[Math] Alternative definition of monoidal categories

ct.category-theorymonoidal-categories

My question is about monoidal categories. To motivate it, let me first recall something about group objects.

Assume you define a group object in a category $C$ with products by an object $G$ together with morphisms $G \times G \to G, G \to G, * \to G$, so that the diagrams commute which correspond to the group axioms. Then you want to generalize some elementary properties from usual groups ($C=Set$) to these group objects, but it is quite hard to write down the relevant diagrams. For example when you want to prove that there is a actually at most one unit $* \to G$, a morphism $G \to G'$ between group objects which respects the multiplication already respects the inversion and the unit, left-inverse implies right-inverse, etc. But all this may be reduced to the case $C=Set$ by using the Yoneda-Lemma and the the definition of a group object as an object together with a factoriation of its hom-functor over the category of usual groups. Then these calculations are easy and you don't have to produce all these diagrams.
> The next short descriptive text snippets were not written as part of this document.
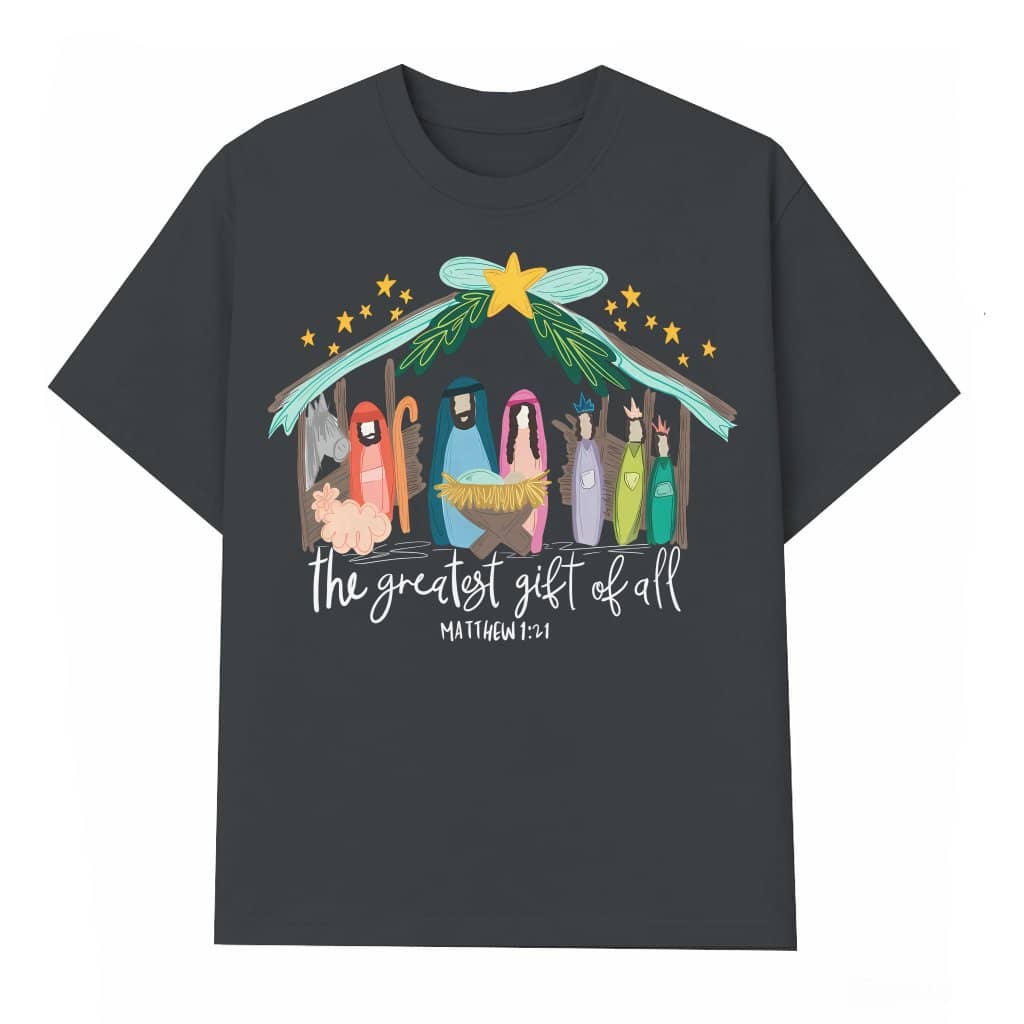 Christian Nativity T-shirt – Christmas Gift Religious Bible Verse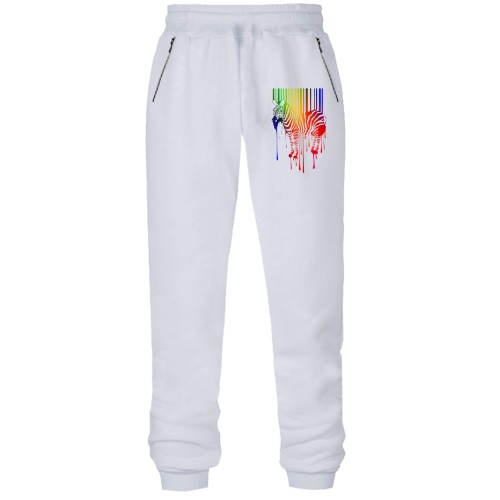 Штани з футера без начісу Зебра із фарб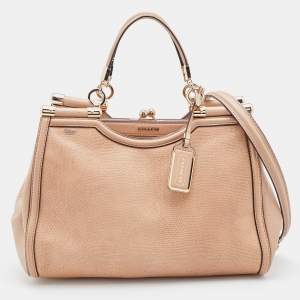 Coach Beige Lizard Embossed Leather Madison Pinnacle Carrie Satchel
My question is: Is there a similar definition for a monoidal category? Specifically, I want to see a neat (diagram-free?) proof of Lemma 3.2.5 in this note (Pareigis' lectures on quantum groups), which is intuitive and does not come up with diagrams without motivating them. (For me, "We tried to prove it and finally this diagram worked" is no intuition.) The lemma implies for example that the endomorphism monoid of the unit object of a monoidal category is abelian, which is quite surprising (for me). This Lemma is just one example. It seems to me that monoidal categories are "weak monoids in the 2-category Cat", but I don't see yet if this description actually simplifies these diagrams.

Best Answer

The kind of thing you are looking for applies not just to monoidal categories, but to bicategories, and it is called the bicategorical Yoneda lemma. If $B$ is a small bicategory, one may form the strict 2-category $[B^{op}, Cat]$ consisting of weak 2-functors (aka homomorphisms), pseudonatural transformations, and modifications from $B^{op}$ to $Cat$. Then there is a Yoneda embedding

$$y: B \to [B^{op}, Cat]$$

sending an object $b$ to $\hom(-, b)$, and the mapping of $B$ onto its image is a bi-equivalence. The image however is a strict 2-category, and hence we get from this a coherence theorem which assures us that all definable diagrams (in say the free monoidal category generated by a discrete category) commute. This line of thinking was introduced by Street in his paper Fibrations in Bicategories (for which there is also a correction).

This is really the modern point of view on coherence in monoidal categories. An exposition which focuses on monoidal categories can be found (I believe) in Braided Tensor Categories by Joyal and Street.

It is true that monoidal categories can be described as weak monoids, but this by itself doesn't solve coherence issues.